• _INFORMATION GIVEN_:
+++
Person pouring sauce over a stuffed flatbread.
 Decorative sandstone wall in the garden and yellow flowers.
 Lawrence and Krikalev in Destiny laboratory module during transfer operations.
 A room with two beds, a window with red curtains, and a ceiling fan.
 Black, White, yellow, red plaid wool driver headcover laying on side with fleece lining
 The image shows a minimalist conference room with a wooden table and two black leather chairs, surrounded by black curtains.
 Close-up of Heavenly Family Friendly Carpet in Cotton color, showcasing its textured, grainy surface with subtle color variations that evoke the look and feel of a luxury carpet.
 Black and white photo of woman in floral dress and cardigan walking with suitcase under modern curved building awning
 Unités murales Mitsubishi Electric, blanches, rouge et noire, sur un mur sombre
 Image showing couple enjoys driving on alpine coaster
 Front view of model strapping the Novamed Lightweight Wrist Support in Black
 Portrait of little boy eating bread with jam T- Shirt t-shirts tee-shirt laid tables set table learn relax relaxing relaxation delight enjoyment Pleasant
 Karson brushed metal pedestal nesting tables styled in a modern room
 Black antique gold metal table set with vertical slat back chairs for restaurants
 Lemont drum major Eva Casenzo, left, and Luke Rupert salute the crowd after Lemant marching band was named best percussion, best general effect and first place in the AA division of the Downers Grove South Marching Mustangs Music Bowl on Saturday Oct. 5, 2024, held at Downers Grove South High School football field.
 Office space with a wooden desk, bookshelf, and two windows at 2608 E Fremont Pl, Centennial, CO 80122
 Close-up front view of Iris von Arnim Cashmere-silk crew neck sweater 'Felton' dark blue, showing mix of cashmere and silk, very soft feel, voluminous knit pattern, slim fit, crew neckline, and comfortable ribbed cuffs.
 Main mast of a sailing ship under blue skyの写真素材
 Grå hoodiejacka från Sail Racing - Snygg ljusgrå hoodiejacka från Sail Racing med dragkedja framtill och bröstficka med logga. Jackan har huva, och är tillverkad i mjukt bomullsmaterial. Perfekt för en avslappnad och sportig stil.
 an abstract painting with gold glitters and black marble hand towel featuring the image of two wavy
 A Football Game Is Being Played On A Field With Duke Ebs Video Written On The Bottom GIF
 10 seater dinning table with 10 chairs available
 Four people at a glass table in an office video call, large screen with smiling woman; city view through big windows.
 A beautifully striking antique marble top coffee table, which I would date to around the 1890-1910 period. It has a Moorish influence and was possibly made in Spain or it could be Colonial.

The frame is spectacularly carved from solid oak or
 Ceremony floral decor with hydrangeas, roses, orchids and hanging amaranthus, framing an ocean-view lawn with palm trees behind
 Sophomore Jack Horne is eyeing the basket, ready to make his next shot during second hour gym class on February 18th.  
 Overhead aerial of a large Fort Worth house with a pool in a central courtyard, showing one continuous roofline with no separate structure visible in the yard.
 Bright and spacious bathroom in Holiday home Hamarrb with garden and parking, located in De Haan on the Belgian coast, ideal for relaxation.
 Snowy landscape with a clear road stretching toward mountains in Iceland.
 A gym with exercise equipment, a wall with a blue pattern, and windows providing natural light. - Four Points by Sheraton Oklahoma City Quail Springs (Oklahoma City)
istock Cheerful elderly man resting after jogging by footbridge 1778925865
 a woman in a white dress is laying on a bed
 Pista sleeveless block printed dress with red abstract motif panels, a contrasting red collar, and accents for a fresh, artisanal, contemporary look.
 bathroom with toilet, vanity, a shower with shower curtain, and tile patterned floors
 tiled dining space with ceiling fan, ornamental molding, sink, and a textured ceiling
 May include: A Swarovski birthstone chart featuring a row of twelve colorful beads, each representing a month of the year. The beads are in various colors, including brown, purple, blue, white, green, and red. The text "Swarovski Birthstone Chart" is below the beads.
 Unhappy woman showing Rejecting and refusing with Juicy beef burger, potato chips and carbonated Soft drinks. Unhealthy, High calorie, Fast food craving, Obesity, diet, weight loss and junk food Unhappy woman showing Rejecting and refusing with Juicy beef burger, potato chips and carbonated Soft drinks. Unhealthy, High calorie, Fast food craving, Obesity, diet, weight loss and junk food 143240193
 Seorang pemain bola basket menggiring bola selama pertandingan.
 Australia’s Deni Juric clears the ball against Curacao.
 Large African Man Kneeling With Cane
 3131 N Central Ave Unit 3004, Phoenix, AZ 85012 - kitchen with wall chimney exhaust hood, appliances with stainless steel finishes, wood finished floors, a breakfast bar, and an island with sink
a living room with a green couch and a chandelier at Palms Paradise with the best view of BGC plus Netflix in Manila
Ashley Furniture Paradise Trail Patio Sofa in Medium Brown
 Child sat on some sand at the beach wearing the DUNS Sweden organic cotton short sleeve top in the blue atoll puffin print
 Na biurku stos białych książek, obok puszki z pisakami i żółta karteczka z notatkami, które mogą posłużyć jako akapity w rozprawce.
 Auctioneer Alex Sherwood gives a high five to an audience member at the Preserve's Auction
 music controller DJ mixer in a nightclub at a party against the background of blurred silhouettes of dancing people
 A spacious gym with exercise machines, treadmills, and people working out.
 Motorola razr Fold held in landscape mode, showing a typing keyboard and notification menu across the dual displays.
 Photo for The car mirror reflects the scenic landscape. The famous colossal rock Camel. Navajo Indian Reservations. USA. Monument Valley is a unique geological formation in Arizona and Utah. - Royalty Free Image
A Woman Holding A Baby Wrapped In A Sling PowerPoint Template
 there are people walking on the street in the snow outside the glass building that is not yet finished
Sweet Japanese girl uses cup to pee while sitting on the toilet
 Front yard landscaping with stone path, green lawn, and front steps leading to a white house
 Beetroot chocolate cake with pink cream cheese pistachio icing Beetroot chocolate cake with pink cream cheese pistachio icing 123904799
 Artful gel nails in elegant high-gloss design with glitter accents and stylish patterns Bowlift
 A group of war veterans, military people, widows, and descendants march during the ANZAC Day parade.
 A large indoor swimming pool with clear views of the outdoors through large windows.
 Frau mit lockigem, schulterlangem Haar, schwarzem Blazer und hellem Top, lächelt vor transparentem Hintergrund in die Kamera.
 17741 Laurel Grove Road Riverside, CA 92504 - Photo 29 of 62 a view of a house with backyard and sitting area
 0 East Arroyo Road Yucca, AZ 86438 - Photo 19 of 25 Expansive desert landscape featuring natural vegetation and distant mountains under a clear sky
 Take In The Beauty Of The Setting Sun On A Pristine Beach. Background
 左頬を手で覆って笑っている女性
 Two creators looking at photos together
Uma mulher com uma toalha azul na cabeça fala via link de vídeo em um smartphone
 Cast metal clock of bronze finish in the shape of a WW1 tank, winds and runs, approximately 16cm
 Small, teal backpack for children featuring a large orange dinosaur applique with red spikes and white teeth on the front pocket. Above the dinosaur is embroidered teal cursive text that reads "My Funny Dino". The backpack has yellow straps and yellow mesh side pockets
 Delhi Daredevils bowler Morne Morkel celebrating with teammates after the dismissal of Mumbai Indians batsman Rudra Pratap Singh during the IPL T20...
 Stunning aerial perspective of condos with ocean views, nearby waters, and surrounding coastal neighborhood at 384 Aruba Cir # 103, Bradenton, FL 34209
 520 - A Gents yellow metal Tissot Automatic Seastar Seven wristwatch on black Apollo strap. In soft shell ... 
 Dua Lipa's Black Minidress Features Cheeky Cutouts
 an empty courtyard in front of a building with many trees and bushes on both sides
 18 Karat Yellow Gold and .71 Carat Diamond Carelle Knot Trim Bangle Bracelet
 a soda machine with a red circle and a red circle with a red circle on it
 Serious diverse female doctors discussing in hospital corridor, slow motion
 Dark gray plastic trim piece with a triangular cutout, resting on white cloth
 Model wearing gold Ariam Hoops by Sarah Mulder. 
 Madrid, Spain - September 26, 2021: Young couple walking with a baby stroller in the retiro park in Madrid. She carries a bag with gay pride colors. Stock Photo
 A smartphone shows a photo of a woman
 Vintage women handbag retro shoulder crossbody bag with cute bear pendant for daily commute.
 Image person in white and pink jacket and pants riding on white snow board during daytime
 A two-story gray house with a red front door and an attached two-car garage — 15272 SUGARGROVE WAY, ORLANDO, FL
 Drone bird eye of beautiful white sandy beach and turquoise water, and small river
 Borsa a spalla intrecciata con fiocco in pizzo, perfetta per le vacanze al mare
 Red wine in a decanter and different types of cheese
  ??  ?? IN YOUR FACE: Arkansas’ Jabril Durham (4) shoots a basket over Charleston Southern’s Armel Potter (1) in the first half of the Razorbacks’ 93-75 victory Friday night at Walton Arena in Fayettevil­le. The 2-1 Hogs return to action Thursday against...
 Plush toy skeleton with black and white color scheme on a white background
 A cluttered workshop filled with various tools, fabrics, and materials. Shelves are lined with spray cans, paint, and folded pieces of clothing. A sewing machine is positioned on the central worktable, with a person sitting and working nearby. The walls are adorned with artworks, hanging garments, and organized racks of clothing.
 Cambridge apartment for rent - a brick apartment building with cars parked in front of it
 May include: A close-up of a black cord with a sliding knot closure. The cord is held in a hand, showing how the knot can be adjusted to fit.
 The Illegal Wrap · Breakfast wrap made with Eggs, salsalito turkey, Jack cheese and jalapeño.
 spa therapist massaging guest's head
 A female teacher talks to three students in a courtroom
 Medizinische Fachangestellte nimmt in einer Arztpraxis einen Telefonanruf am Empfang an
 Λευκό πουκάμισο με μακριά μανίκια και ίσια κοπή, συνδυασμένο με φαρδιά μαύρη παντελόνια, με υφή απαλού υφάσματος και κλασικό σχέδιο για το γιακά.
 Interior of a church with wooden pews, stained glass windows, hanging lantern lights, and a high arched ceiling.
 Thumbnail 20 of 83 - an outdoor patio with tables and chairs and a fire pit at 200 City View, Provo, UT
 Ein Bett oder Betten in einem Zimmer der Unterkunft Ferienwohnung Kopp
+++
• _YOUR TASK_:
In the listing above, transcribe exactly everything from the line containing "Drone bird eye" down to the line containing "spa therapist massaging guest's head", including both and nothing more.

• _RESULT FOR THIS TASK_:
 Drone bird eye of beautiful white sandy beach and turquoise water, and small river
 Borsa a spalla intrecciata con fiocco in pizzo, perfetta per le vacanze al mare
 Red wine in a decanter and different types of cheese
  ??  ?? IN YOUR FACE: Arkansas’ Jabril Durham (4) shoots a basket over Charleston Southern’s Armel Potter (1) in the first half of the Razorbacks’ 93-75 victory Friday night at Walton Arena in Fayettevil­le. The 2-1 Hogs return to action Thursday against...
 Plush toy skeleton with black and white color scheme on a white background
 A cluttered workshop filled with various tools, fabrics, and materials. Shelves are lined with spray cans, paint, and folded pieces of clothing. A sewing machine is positioned on the central worktable, with a person sitting and working nearby. The walls are adorned with artworks, hanging garments, and organized racks of clothing.
 Cambridge apartment for rent - a brick apartment building with cars parked in front of it
 May include: A close-up of a black cord with a sliding knot closure. The cord is held in a hand, showing how the knot can be adjusted to fit.
 The Illegal Wrap · Breakfast wrap made with Eggs, salsalito turkey, Jack cheese and jalapeño.
 spa therapist massaging guest's head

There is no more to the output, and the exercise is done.